The new Prime Minister of Russia, Viktor Zubkov, met President Putin today in Sochi, a Black Sea resort. According to his statement later to reporters he handed a list of potential ministers over to the President. The cabinet, he added, will be put together within the required time framework.
One person will not be in that list: the acting Defence Minister, Anatoly Serdyukov (pictured), promoted by Putin in February from his then rather lowly position of tax police chief, has asked to be relieved of his duties.
As usual with Russia, one spends a great deal of time trying to read those runes. Is this significant. After all, the one thing Serdyukov seems to have achieved is to dismiss many of the senior military who had served under his predecessor, Sergei Ivanov, now Deputy Prime Minister (so far).
The reason given is that Serdyukov is Prime Minister Zubkov’s son-in-law and, therefore, it would appear, does not consider it right that he should stay in the cabinet.
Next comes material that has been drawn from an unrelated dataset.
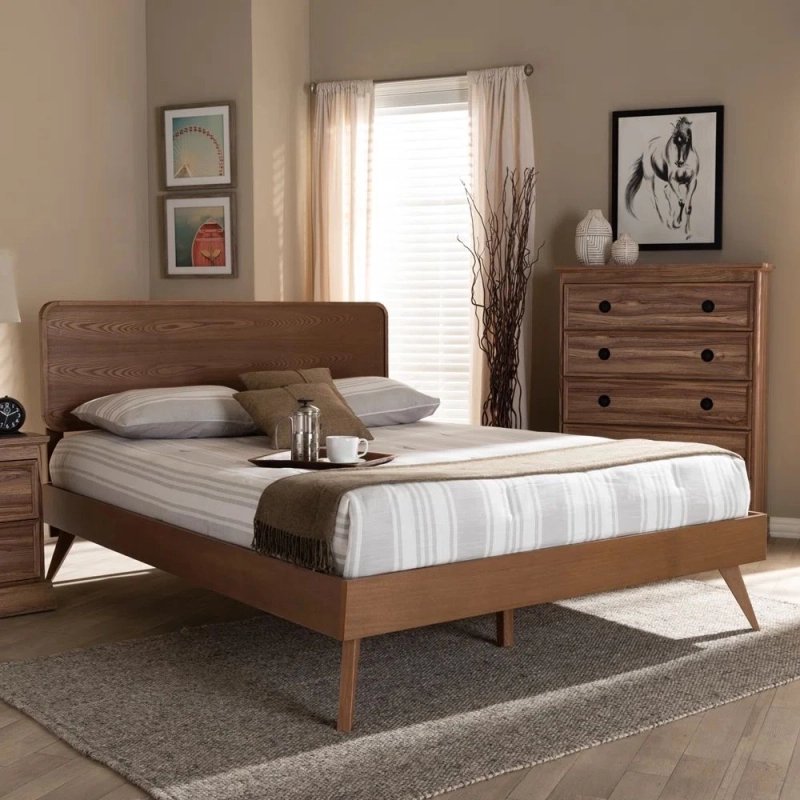 Mid-Century Modern Wood Platform Bed Frame with Headboard Mid-Century Modern Wood Platform Bed Frame with Headboard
Well, that’s always possible but I can’t help remembering the wonderful Greek Archbishop in Evelyn Waugh’s brilliant if somewhat underestimated novel of the Phony War, “Put Out More Flags”.
The Archbishop in question would wander round the Ministry where the anti-hero Basil Seale found a billet, explaining to all and sundry that he was “expulsed” as a result of some political manoeuvring because the reason given could not have been true: “They don’t expulse for fornication”.